İbrahim MARAŞ[i]
Birkaç gün önce bir televizyon kanalında Dücane Cündioğlu’nun katıldığı programdaki konuşmalarının epey tartışıldığını görünce merak ettim ve bugün dinleme imkânım oldu. Doğal olarak herkes kendi bakış açısından haklı haksız birçok eleştiri yapmışlar. Nihayetinde Cündioğlu’nun sarfettiği sözler kendi bakış açısıdır ve bunu ilk kez de söylememektedir. Ama bazı “İslamcı yazarlar” var ki, her zaman olduğu gibi saçma sapan ve insana yakışmayan tepkiler verdiler ve onu “karşı mahalleye yaranmak” ve “hiç” olmakla suçladılar. Biz de kendi bakış açımızdan, hak verdiklerimizden fazla bahsetmeden, onun bazı söylemlerini eleştireceğiz. Genel olarak konuşmasının birçok bölümünde itiraz edilebilecek fazla bir şey yoktur. Özellikle de çağa sırtını tamamen dönmüş, zamanı asla anlayamamış, ideolojik kamplaşmalara ayrılmış, kapanarak, bedevileşerek sözde dini bilinci artırmak isteyen evrensel üretimden yoksun bir İslam dünyasından ve Türkiye’den bahsetmesi ve en önemlisi de İslam dünyasının Batı tarafından “İslamlaştırıldığını” söylemesi tamamen doğrudur. Ancak onun konuşmasının bazı noktalarında, bize göre, birtakım felsefi problemler vardır.
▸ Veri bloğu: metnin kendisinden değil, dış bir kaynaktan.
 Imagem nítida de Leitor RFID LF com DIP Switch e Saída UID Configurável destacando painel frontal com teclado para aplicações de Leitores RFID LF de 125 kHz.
İlk olarak Cündioğlu’nun söyleminde dinin “düş”e ve rüyaya indirgeniyor gibi görülmesi meselesinden bahsedeceğiz. Bize göre, yeterli açıklama ve temellendirme yapmadan, dini tek başına muhayyileye ve aklı bir kenara bırakıp sadece inanma temelli rüyaya, düşe bağlamak doğru değildir. Elbette Cündioğu’nun “düş” demesinden sadece uyku “düş”ü anlamı çıkaramadığımız gibi, aklı bir kenara bıraktığını da söyleyemeyiz. Ama onun, söyleminde, “düş”ü daha çok öne çıkarması böyle bir izlenim ortaya çıkarmaktadır, hâlbuki Vahyin temeli sadece düş değil, aynı zamanda akıldır. Hatta “düş”, Vahyin temeli değil aracısıdır demek daha doğrudur. Bunu düşünce tarihinde sistemli olarak bilginin temellerinden birisi şeklinde değerlendiren ilk düşünürler Farabi ve İbn Sina’dır. Bu düşünürler, meseleyi vahyin/nübüvvetin ispatı açısından değerlendirmişlerdir. “Düş”ün zemini olan muhayyile, hayal etme gücü, hem duyulardan ve vehimden hem de tümel bir güç olan melekî güçten etkiler alır. Bu güç, akıldan ne kadar çok beslenirse o kadar soyut ve arınmış bir bilgi haline gelir. Akıl, düşü, yani muhayyileyi de içine alan daha geniş bir anlam çerçevesine sahiptir. Bu yüzden Farabi, muhayyile gücüne dayalı tahayyülü (iradeyi dâhil ederek) daha genel kabul ederken teemmül’ü, yani akletmeyi daha özel, iradenin yanında ihtiyarın da, seçmenin de dâhil olduğu rafine bir bilgi olarak görür. Buradan bakılacak olursa muhayyile daha geneldir ama aklî ihtiyarı içermez. Bu noktada ikinci bir konu da şudur: Vahiy, “sadece düştür” dediğinizde lafza bürünmüş çelişkisiz ve insanların mantığına seslenen sözlerin, yani lafzî vahyin bir anlamı kalmaz. Kur’an’ın muhataplarının çoğunluğunun sadece muhayyileye dayalı bir zihin dünyasına sahip oldukları kesindir. Ama bu, din dilinin aklı temele almadığını göstermez. Nahl suresi 125. Ayete baktığımızda insanlara hakikatin anlatımında, esas olarak, hikmetin, metotlu felsefi akletmenin temele alındığını, ama önemli bir çoğunluğun muhayyileye dayanan hitabet ehli olduğu gerçeğinin de unutulmaması gerektiği üzerinde durulur. Ayette sıralama oldukça önemlidir. Birinci sırada, azınlıkta da olsa, ideal olan, hikmet, ikinci sırada çoğunluğu teşkil eden muhayyileye dayalı hitabet ve nihayet üçüncü sırada, yine azınlık olan, basit akli temellendirme ve iknaya dayalı cedel metodu zikredilir.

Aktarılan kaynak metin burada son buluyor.